Das im Erzbistum Köln veröffentlichte Missbrauchsgutachten stößt auf Kritik des Betroffenenbeirates bei der Deutschen Bischofskonferenz. Es lasse den Blick der Betroffenen sowie die systemischen Ursachen für mangelhafte Aufarbeitung unberücksichtigt, heißt es in einer Stellungnahme.
„Es fehlt der interdisziplinäre Ansatz, weshalb das Gutachten nur ein Teil der Aufarbeitung sein kann, ja darf.“ Inhaltliche wie personelle Konsequenzen, die allein auf der Grundlage dieses Gutachtens getroffen werden, griffen zu kurz, so der Beirat.
Kein Mut „zum wirklichen tabulosen Dialog“ mit Opfern
Das von Kardinal Rainer Maria Woelki beauftragte Gutachten der Kanzlei Gercke-Wollschläger war am 18. März der Öffentlichkeit vorgestellt worden. Es weist acht hohen Amtsträgern des Erzbistums 75 Pflichtverletzungen im Umgang mit Missbrauchsfällen nach. Ein zuvor in Auftrag gegebenes Gutachten der Kanzlei Westpfahl-Spilker-Wastl (WSW) hatte Woelki wegen methodischer Mängel nicht veröffentlicht. Es kann beim Erzbistum Köln unter Auflagen eingesehen werden.

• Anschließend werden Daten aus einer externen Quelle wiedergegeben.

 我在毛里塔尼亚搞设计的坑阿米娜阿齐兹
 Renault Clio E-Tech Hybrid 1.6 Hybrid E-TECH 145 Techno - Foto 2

Der Ausschluss von Betroffenen zeige, dass der Kirche oft noch der Mut „zum wirklichen tabulosen Dialog“ fehle, schreibt der Beirat weiter. Leider wirke auch das zukünftige „Mitnehmen“ der Betroffenen in Köln mehr kosmetisch als systematisch fundiert.
Zweifel am echten Aufarbeitungs-Willen
Die Beschränkung des Gercke-Gutachtens auf eine rein strafrechtliche Betrachtung lasse Zweifel am kirchlichen Willen zu einer umfassenden und grundlegenden Aufarbeitung aufkommen. Die Ausblendung systemischer Ursachen wie Sexualmoral, Zölibat, Klerikalismus, Männerbündigkeit oder fehlender Partizipation von Frauen stehe im Gegensatz zur Herangehensweise anderer Untersuchungen.
Das WSW-Gutachten benenne dagegen klar missbrauchsbegünstigende Aspekte und spreche deutliche Reform-Empfehlungen aus. „Aus einer grundsätzlichen Verweigerungshaltung gegenüber Reformen oder gar Furcht vor solchen ein unliebsames Gutachten zurückzuhalten und auf diese Weise einen Wandlungsprozess, der nicht zuletzt im Synodalen Weg jetzt eine klare Ausgestaltung findet, zu bremsen, ist grob fahrlässig“, kritisiert der Beirat.
Problem nicht nur in Köln
Die Probleme beschränkten sich jedoch nicht auf das Erzbistum Köln. „Auch in anderen Bistümern können wir bis heute noch keine breite Bereitschaft erkennen, Verantwortung für die Auswirkungen auf das heutige Leben der betroffenen Kinder und Jugendlichen und erwachsenen Schutzbefohlenen zu übernehmen.“ Notwendig sei etwa, den rechtlichen Schutz der Betroffenen zu verbessern und neue kirchenrechtliche Straftatbestände einzuführen, die den zutage getretenen Realitäten entsprächen.